He chopped that Kenyi up to nothing, and in a sick way, it made me feel good.


----------



## theanimedude (Jun 4, 2005)

Zesty said:


> theanimedude said:
> 
> 
> > Zesty said:
> ...

















wow......u are lucky.....i heard the irritan is meaner......what tank size do you have for ur elong? i'm gonna get a 60 gal so irritan works for me....but your elong sounds damn sexy.......for now i have a piranha that is an unknown. people say it may be a compressus, altuvie, or a gold diamond rhom. weird eh!? leading towards the compressus though....


----------



## "qickshot" (Apr 19, 2005)

lol


----------



## Zesty (Sep 17, 2004)

theanimedude, I have my Elong in a 60g. He really deserves more, but I am just not willing to devote a bigger tank to a single fish right now!

I have also heard that Irritans are very aggressive, and I'm sure they are. I just know that one thing the Elong will always have on them is the jaw and body structure...just designed for more devastation!

I've never owned an Irritans, but I really don't feel like I'm missing out on anything.
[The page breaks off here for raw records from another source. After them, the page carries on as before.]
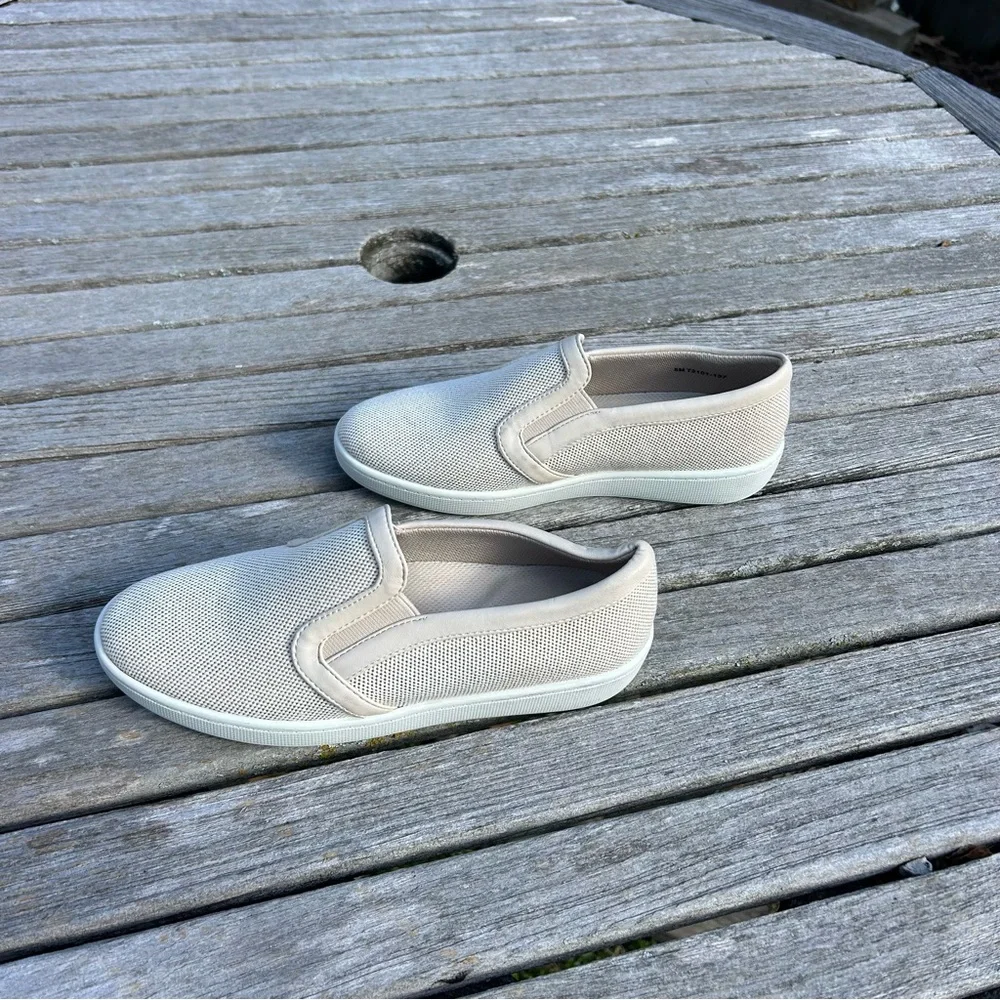 Trotters ‎ alright slip on shoes in cream size 5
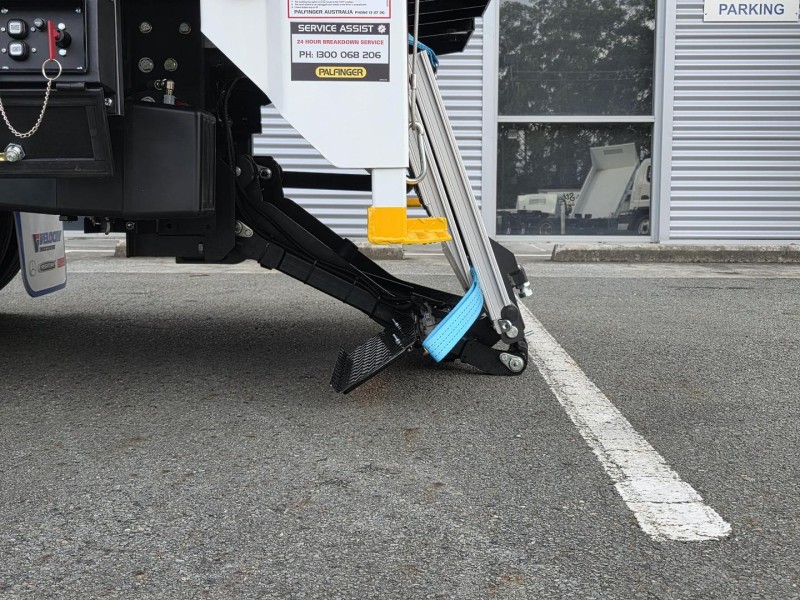 2025 Fuso Canter 515 PANTECH 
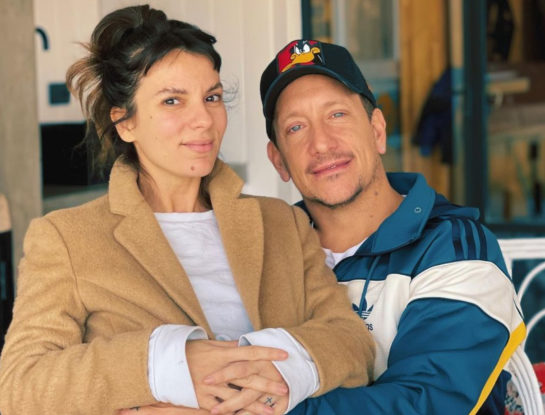 Así es el living estilo industrial de Gime Accardi y Nico Vázquez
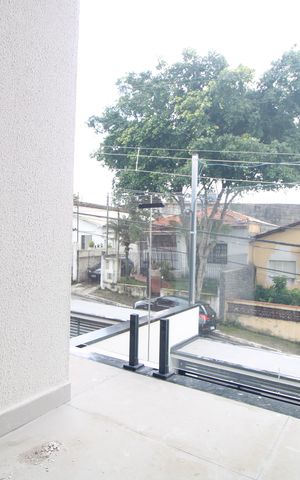 Casa à venda com 110m², 3 quartos e 2 vagasSacada da suíte 2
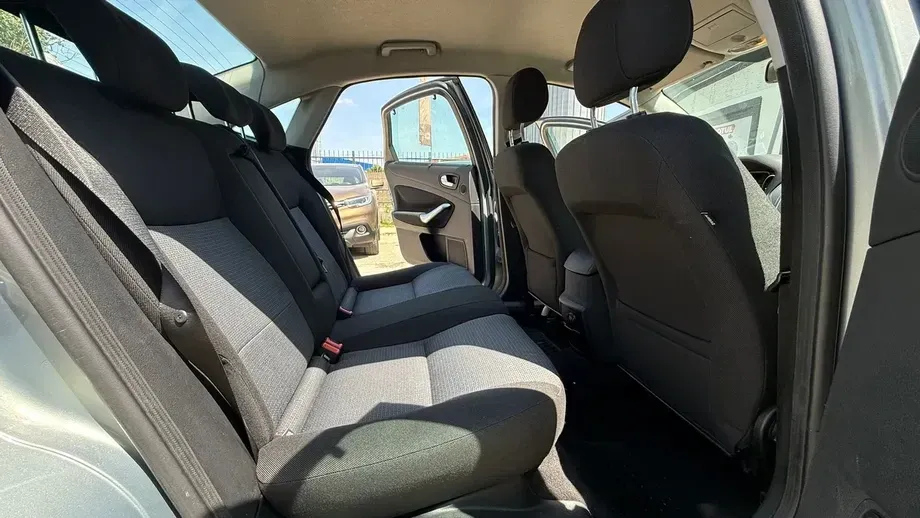 Ford Mondeo III — imagine 7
I actually bought the Elong from some stud on WW for $50! My friend was offering me $250+ all of his fish! No sh*t, I still wouldn't sell it.

Once you get a fish that you like, no amount of money seems reasonable! I love my Elong!

seriously, I'm always trying to read on my waterbed, and the Elong tank sits to the side on a 3.5' tall dresser. I can never concentrate because I always look up, and he's trying to punk me! So I start running my hand back and forth on the glass, and he follows my hand trying to bite me....it's realy entertaining and I don't get to read like I should because of it.


----------



## Zesty (Sep 17, 2004)

Please don't flame me, but I actually have 2 jeck dampseys living with my Elong. I just put a clay pot that the Elong can't fit it, and they have been the clean up crew for over 2 months now.

It's crazy throwing a big chunk of chicken heart in there, and the Elong takes it, and then the JD's will try and take it from his mouth...damn cichlids are nuts.


----------



## FLsunshine (Mar 15, 2005)

most agressive ive owned is a gold spilo their the only p ive owned that will fight anything i mean they get into it they dont jsut run away lie pygos they turn around and fight and when theyre hunting theyre wicked ambushers


----------